Una quasi collisione, dunque, come è stata ribattezzata dai periti, che avrebbe spezzato un’estremità alare del DC9 e mandato in un fatale stallo il velivolo. Tra tutti gli elementi incerti attorno ai quali si sono scontrati i diversi periti, quell’ala spezzata verso il basso è invece l’unico dato di fatto inconfutabile proveniente non dai calcoli degli esperti ma dal relitto.

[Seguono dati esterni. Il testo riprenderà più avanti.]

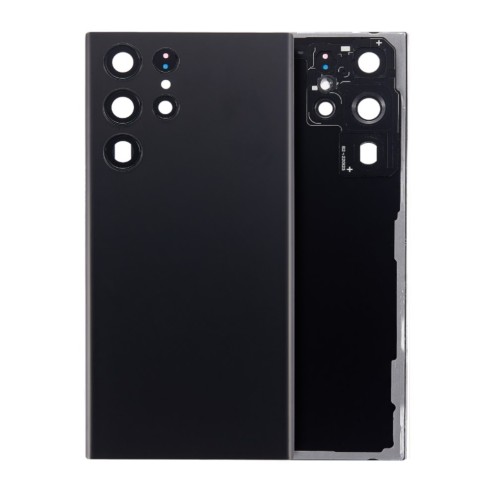 For Samsung Galaxy S22 Ultra - SM-S908 - Back Cover Glass With Camera Lens - No Logo - Phantom Black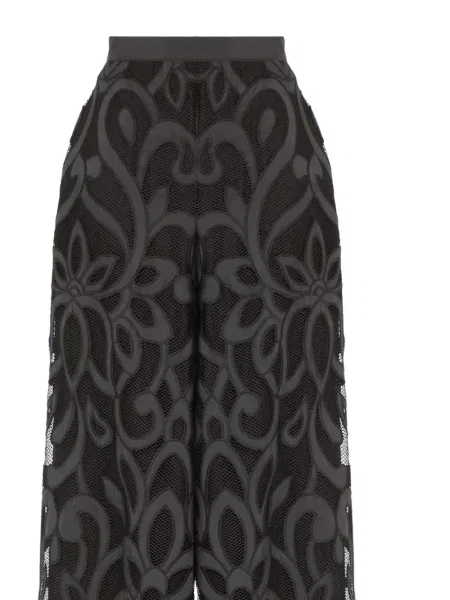 Pantaloni Temperley London cu model floral din dantelă negru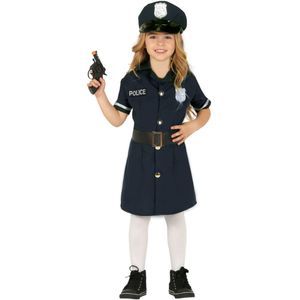Blauw politie kostuum met riem en pet voor meisjes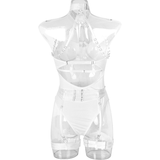 Erotic Female Halter Bodysuit / Fancy Transparent Lingerie With Garters / Sexy Body Outfits - EVE's SECRETS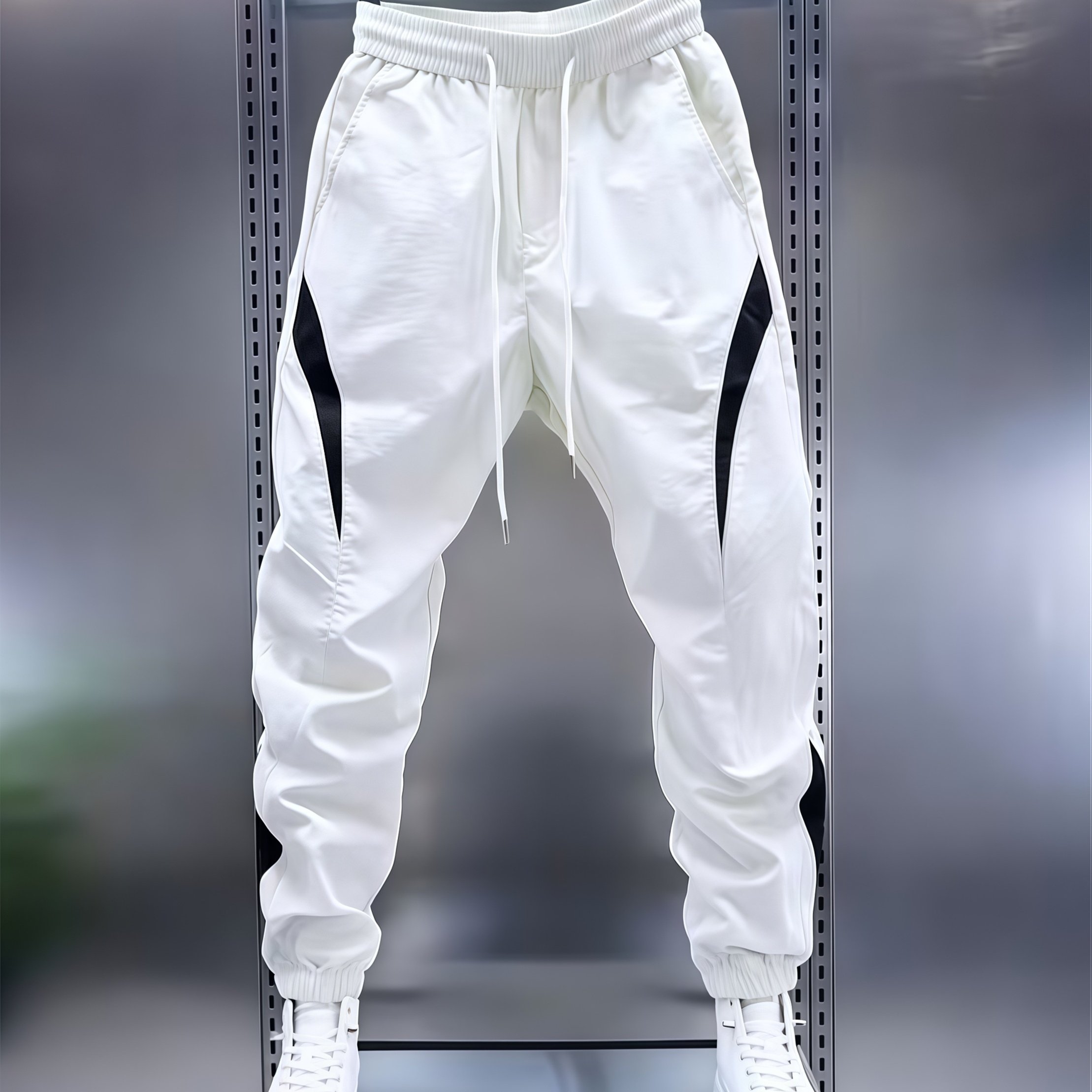 TEMU Pantalon de jogging léger pour homme à séchage rapide, pantalon de sport à de couleurs contrastées, pantalon athlétique parfait pour un toute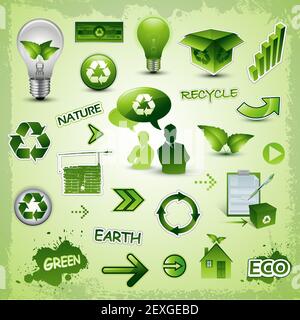 Umwelt und Natur Icons und Symbole Stockfoto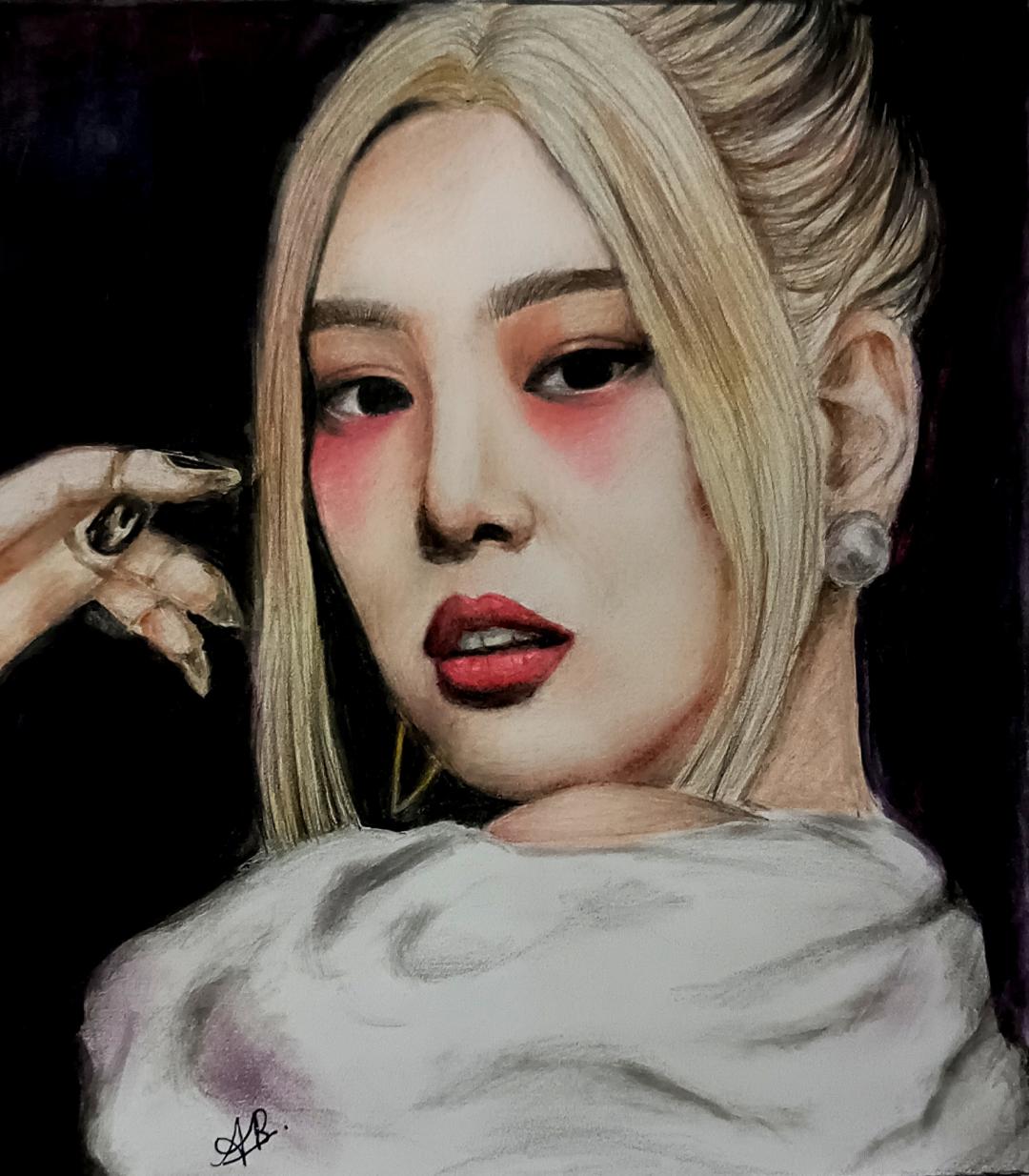 Kim Jennie drawing with camlin colour pencils created by Arushi bagul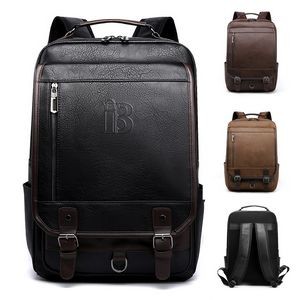 PU Leather Multi-function Retro Casual Backpack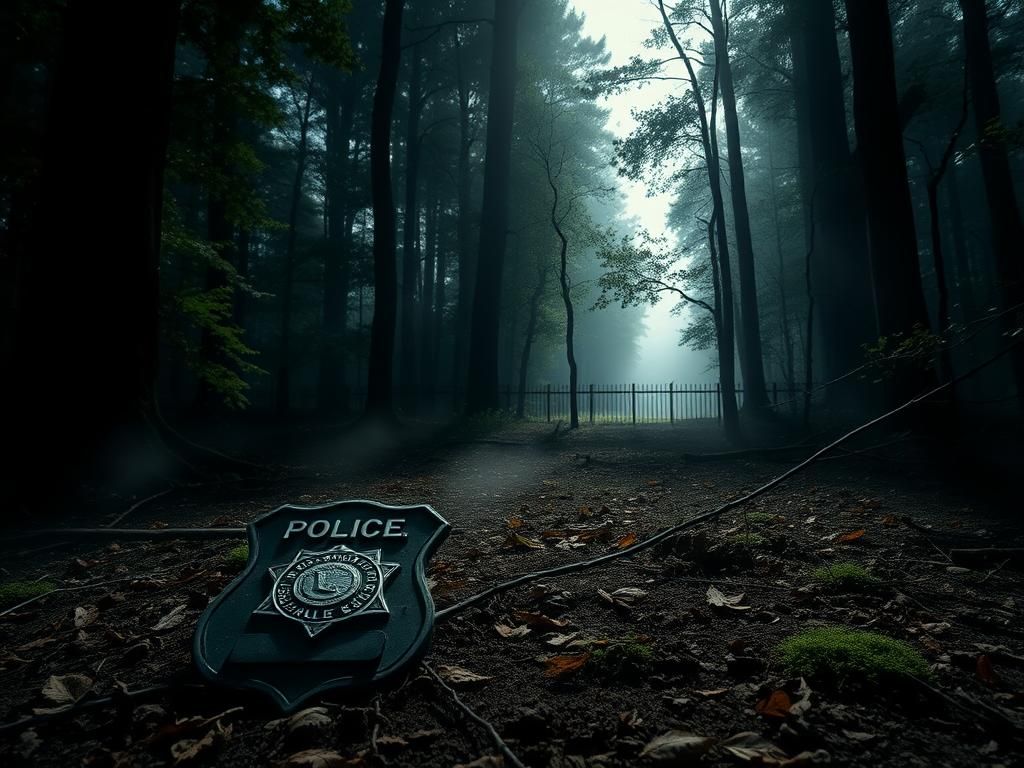Flick International Worn police badge half-buried in the dirt amidst a shadowy Ozark forest setting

Cosa ci faceva un Mig23 sui cieli dell’Italia? Molto probabilmente tornava in Libia dopo aver fatto manutenzione in Jugoslavia, con il tacito accordo delle autorità italiane (nei tracciati si vedono alcuni F-104 provenienti da Nord che arrivano fin sotto il Dc9, in formazione forse a “coprire” il Mig che a quel punto si è “agganciato” sotto il Dc9), e si era instradato sotto al velivolo civile per sfuggire ai radar. Il volo IH870, infatti, arrivava proprio a Palermo: la Libia era a un tiro di schioppo. Individuato dai caccia alleati, il pilota del Mig avrebbe quindi tentato una fuga disperata conclusasi – anche per mancanza di carburante, dato che il caccia non aveva serbatoi ausiliari – contro una montagna della Sila.